Economic failure and the fear of people’s rage
The consequences of the IRGC’s FTO designation has shaken the regime down to its bones. Not just the fear of economic bankruptcy, but also the fear of military repercussion has turned in to the regime’s nightmare.
“Without any doubt, these sanctions following the economic disasters and Iran’s regional and global policies, to American senators, would be a way to break the back of the country’s economy,” the same Hamdeli newspaper wrote corroborating on the FTO designation repercussion.
Iran regime’s groaning for the IRGC being the target, and the fear of complete economic breakdown due to this designation, comes at a time where this anti-human and repressive force inside Iran is the target of the people’s rage.

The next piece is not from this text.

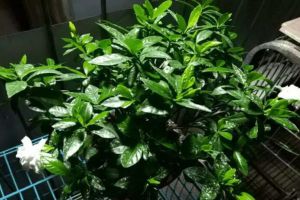 给花吃个瓜,就像打了兴奋剂,开花刹不住闸!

The recent flash floods in most parts of Iran, coupled with the government reluctance to send relief to the devastated areas has boiled the social anger and hatred over at the regime’s officials.
It, therefore, is obvious that the regime’s major concern of ‘new outbreak of social protests’ together with ‘the turning off of the economy’ demonstrates the regime’s fear of the upsurge of nationwide protests and a drive towards the toppling of the regime.
IRGC’s role in prolonging the regime’s life
The truth of the matter is that the anti-human IRGC is an essential tool for internal repression and for export of terrorism to outside. This illegitimate force controls a major portion of the country’s economy and its first and foremost duty is to salvage the Velayat-e Fagih (the guardianship of clergies). This tool has been essential in prolonging the miserable life of the regime. IRGC fearing the outburst of people’s rage on the very early days of the flash floods played the role of the regime’s guardianship. The Fajr Corps in Fars Province, southeastern Iran, issued a statement bullying the people and the Iranian opposition, the PMOI/MEK.
The IRGC commanders went to some of the flood-hit areas on the early days of the disaster playing their repressive and brutal role. Instead of concentrating on the relief efforts for the flood-hit areas, herds of repressive forces were dispatched to confront any outburst of anger, but, they, none the less, were met with a tough response from the residents and especially the youth.
Considering the importance of the role of the IRGC in securing and prolonging the shameful life of the Velayat-e Fagih, the FTO designation would be like “purring water into the ant’s nest” causing fear and concern amongst government officials.